Suigetsu se tensó, de forma robótica voltea viendo a su hija toda sucia y cansada, mirándolo sorprendida.

- No sabía que ya habías llegado de tu misión. –una gran sonrisa adorna su rostro, mostrando su blanca dentadura, sonrisa que se parece mucho a las de su padre.

- ¡Kairi! –exclama sonriéndole amigable. –acabo de llegar hace unos minutos e iba directo a casa. –Suigetsu llora internamente, no anda de suerte, de todos se tenía que topar a su hija. –¡felicidades por tu banda ninja, sabía que la conseguirías! –exclama enérgico y orgulloso, dándole palmadas en la cabeza, haciéndola sonrojar. –mentira, la verdad lo dudaba, con eso que eres igual de sosa que tu madre, pero ya sabes que uno como padre acepta a sus hijos tal cuales. –dice asintiendo, dándose la razón a sí mismo y sin dejar de palmearle la cabeza.

- Gracias papá, me has subido el autoestima. –Kairi entrecierra los ojos hacia él, teniendo una vena hinchada en la cabeza.

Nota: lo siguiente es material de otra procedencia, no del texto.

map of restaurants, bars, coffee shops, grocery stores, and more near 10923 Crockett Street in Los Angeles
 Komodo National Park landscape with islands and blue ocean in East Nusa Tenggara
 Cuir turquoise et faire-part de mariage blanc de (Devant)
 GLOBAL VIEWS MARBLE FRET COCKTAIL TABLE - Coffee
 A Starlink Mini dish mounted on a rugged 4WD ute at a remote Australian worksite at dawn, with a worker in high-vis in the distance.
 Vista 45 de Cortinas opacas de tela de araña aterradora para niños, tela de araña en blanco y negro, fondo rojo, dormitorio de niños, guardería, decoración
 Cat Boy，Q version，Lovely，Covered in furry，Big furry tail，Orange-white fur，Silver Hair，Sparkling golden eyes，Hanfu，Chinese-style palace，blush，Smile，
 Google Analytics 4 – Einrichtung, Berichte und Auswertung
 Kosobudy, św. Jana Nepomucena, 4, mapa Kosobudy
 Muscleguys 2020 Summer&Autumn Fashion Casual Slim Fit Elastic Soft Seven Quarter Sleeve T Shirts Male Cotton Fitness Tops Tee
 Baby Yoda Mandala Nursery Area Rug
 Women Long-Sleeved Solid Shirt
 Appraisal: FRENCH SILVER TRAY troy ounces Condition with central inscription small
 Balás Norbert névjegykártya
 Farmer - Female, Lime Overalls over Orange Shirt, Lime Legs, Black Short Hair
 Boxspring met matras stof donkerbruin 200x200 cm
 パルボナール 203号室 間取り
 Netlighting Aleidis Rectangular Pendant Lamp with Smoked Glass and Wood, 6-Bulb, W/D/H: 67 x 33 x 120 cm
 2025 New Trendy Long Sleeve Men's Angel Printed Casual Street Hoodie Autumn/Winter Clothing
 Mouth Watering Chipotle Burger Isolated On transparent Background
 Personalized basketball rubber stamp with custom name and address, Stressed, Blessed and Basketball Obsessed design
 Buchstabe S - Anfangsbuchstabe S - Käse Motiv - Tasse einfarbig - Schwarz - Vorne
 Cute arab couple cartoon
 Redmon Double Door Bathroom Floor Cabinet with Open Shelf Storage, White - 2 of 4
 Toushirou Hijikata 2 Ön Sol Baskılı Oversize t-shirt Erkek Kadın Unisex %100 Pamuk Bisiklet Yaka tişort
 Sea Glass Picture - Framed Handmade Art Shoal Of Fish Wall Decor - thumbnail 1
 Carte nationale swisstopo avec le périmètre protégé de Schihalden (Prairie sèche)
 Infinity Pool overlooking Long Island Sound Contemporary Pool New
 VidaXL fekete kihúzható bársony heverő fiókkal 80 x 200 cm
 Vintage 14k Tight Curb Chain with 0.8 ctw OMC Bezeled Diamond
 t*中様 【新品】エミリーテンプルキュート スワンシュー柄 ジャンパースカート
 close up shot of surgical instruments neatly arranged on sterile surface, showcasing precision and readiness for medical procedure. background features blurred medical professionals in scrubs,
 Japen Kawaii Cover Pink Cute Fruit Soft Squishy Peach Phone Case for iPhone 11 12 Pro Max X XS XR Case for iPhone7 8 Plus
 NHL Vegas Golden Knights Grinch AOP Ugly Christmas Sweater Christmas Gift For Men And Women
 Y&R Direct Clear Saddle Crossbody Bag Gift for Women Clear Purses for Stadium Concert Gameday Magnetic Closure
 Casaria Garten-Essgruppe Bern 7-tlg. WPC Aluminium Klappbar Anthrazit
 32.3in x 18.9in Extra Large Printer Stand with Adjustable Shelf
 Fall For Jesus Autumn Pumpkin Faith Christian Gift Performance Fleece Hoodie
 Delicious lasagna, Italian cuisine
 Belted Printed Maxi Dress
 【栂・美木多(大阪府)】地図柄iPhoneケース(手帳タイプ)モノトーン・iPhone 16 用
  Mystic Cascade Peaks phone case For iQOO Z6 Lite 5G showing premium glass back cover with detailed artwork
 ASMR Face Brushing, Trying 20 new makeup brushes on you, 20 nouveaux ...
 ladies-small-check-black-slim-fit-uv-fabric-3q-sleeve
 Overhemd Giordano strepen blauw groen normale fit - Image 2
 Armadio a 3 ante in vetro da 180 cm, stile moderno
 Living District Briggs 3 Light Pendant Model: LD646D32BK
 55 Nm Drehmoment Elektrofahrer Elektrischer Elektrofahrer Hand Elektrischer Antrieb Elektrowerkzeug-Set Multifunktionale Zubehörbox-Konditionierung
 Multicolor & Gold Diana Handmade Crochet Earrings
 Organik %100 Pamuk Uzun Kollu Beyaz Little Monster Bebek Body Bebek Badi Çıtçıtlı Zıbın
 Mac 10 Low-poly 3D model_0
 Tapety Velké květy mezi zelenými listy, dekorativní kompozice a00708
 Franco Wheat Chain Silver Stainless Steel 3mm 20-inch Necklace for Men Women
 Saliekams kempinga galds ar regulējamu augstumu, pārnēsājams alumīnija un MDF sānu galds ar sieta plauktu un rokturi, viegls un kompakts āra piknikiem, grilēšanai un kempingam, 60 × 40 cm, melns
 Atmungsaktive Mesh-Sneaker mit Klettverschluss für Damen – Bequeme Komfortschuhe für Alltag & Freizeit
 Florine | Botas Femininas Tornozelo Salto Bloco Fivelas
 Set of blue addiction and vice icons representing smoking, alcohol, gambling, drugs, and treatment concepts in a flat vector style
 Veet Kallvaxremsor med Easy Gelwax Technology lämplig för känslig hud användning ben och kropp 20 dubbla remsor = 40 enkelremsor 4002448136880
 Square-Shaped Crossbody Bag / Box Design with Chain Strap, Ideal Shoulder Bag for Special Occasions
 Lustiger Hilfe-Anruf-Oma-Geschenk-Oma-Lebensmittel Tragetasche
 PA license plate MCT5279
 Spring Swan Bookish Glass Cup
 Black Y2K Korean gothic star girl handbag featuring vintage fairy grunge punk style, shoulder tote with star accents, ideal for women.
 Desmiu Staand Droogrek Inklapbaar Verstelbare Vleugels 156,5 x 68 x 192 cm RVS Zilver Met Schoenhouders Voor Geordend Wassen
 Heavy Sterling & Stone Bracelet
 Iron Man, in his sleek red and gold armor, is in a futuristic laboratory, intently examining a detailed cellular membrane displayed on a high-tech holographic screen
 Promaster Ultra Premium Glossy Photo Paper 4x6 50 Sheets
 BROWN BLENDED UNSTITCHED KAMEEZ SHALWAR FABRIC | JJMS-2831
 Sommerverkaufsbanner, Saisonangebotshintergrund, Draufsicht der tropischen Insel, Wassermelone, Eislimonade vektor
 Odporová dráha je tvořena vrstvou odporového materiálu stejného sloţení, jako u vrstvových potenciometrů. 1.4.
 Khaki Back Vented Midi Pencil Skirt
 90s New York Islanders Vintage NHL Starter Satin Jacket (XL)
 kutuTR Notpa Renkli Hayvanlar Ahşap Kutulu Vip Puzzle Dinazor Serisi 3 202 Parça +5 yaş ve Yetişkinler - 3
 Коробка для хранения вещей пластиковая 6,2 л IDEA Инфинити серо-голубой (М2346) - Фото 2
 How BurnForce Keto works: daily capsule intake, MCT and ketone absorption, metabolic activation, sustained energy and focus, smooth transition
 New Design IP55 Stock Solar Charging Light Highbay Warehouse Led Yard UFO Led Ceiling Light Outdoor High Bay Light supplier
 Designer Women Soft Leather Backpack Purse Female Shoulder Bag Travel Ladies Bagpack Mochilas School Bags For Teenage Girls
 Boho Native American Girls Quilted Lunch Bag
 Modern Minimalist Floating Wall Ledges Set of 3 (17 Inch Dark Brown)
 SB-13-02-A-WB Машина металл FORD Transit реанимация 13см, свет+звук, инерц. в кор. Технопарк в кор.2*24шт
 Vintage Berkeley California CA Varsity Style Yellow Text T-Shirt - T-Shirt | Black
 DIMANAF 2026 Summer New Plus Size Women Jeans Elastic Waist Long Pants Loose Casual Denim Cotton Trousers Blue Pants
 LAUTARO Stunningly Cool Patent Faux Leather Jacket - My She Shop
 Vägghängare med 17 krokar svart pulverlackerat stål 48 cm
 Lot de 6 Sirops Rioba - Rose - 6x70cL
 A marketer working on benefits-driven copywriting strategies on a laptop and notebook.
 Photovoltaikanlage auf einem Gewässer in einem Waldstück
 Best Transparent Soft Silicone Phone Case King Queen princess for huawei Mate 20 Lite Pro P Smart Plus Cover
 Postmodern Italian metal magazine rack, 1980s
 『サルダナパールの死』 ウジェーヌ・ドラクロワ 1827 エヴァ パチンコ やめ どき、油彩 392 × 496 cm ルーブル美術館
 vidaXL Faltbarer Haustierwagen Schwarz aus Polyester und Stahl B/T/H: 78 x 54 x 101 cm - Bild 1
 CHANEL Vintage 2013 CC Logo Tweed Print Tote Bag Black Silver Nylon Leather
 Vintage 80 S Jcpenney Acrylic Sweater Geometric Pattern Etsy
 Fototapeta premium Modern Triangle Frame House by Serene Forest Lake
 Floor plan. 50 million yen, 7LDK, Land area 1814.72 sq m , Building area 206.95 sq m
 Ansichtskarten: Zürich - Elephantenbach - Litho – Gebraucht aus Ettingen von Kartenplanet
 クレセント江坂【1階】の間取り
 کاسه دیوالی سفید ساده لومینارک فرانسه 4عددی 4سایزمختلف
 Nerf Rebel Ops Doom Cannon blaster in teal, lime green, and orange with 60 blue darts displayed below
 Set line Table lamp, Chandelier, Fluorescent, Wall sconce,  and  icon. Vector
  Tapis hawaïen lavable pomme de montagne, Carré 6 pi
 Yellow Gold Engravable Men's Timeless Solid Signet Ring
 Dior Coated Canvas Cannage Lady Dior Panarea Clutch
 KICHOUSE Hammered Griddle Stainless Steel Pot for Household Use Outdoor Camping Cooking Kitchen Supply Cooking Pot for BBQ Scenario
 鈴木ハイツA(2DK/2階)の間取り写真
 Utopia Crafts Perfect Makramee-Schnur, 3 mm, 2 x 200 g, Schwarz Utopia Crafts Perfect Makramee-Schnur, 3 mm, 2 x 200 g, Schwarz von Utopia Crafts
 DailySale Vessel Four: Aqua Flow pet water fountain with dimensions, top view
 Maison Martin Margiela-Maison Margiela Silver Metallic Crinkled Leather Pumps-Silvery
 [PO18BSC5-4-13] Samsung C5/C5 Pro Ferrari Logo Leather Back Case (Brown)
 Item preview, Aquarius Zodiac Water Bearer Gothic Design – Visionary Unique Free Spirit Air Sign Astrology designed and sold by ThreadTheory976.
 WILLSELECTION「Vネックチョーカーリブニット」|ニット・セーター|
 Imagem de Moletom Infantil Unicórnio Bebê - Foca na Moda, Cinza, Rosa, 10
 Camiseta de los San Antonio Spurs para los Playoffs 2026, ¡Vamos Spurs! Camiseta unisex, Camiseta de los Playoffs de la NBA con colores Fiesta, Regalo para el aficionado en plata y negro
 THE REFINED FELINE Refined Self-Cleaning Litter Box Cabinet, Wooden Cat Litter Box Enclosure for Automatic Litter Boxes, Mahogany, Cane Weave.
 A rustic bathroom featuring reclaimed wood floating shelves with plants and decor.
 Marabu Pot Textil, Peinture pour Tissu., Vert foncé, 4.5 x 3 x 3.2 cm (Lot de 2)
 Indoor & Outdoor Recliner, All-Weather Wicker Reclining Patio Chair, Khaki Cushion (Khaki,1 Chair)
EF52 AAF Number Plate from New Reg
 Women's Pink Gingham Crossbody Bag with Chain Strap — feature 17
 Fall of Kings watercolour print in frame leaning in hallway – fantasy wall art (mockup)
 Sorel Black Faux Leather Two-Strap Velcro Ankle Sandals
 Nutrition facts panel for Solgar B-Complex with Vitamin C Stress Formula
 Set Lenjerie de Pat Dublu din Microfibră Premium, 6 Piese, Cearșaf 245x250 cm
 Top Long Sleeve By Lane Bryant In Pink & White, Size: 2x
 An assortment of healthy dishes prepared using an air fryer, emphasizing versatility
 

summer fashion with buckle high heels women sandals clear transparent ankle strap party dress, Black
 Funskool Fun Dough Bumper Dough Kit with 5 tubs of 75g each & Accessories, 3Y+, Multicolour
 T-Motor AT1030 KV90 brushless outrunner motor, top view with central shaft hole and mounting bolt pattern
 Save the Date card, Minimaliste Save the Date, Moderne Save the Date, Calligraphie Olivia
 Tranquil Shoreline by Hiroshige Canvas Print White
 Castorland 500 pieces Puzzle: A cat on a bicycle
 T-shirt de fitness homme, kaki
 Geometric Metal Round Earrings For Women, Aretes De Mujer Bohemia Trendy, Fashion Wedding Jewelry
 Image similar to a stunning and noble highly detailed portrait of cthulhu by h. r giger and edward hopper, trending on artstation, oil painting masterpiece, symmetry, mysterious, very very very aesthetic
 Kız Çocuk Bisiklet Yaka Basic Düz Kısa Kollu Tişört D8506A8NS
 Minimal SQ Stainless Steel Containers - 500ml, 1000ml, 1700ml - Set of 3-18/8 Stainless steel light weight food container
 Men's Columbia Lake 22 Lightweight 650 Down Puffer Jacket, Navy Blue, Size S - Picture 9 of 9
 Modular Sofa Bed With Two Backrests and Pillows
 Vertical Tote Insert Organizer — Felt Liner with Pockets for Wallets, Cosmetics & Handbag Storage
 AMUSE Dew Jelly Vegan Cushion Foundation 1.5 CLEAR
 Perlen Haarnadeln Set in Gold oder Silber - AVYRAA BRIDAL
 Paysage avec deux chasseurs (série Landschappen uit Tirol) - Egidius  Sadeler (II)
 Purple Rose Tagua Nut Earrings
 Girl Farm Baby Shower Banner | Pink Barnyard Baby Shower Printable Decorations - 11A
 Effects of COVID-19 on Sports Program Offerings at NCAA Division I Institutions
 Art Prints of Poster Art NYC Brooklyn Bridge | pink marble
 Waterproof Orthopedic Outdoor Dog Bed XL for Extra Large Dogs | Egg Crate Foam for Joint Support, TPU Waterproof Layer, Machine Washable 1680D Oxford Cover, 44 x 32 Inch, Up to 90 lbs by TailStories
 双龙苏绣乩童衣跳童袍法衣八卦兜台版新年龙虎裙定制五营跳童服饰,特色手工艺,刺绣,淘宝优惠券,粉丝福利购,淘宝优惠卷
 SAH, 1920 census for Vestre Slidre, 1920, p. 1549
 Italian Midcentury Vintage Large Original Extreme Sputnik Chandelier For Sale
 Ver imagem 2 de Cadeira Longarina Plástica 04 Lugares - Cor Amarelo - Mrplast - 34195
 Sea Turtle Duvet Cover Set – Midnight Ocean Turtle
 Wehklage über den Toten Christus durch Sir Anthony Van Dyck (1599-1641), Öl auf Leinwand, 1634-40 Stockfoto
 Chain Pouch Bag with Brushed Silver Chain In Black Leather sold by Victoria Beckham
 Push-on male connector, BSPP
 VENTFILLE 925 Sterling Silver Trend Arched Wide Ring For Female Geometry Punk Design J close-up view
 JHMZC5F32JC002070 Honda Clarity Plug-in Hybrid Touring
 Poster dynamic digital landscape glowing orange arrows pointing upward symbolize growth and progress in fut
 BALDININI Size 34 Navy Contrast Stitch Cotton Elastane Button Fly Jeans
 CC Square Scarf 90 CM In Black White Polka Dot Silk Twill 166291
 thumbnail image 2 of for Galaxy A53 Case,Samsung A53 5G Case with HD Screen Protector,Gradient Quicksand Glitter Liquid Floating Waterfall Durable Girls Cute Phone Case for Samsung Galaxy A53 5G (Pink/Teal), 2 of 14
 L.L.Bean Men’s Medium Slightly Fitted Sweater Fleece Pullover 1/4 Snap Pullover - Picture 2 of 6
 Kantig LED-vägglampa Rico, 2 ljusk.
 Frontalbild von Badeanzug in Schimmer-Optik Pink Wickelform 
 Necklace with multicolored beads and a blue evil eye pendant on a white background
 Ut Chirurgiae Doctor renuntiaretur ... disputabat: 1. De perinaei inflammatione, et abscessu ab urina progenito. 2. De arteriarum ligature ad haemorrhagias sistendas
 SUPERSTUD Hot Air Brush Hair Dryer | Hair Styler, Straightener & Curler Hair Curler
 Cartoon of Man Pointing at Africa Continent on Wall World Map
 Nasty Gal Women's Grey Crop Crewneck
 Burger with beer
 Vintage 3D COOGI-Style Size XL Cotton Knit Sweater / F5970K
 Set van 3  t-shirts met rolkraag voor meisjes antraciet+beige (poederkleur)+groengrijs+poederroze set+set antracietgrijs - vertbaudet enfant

- Para eso estamos los padres; para subirle el autoestima a los hijos a base de mentiras. –dice con heroísmo.

- Sigo preguntándome como es que mi madre de sentirse atraída hacia Uchiha-sama termino contigo… pudo haber encontrado algo mejor. –Kairi le sonríe con mofa y Suigetsu la mira indignado.

- ¿Qué te pasa? Si ella seguro me echo algo en la comida para que me fijara en ella… soy demasiado guapo para esa remolacha. De hecho gracias a mi eres toda una belleza, miope, pero belleza. Lo miope es herencia de tu madre, cúlpala a ella.—Suigetsu le sonríe socarrón y Kairi se le hincha más la vena.

- Síguele y le diré a mamá que te encontré a pocos pasos del bar. –le dice amenazante, haciéndolo tensar nuevamente.

- Mejor cuéntame la razón de tu look de pordiosera… ¿nueva moda juvenil? –cambiando completamente de tema, la mira mostrando el interés que no siente por el tema.

- No… hoy tuve mi primera misión. –dice arrogante.

- ¿Y que fue? ¿Limpiar popo de perro? –Suigetsu la mira burlón, sonriéndole de forma socarrona.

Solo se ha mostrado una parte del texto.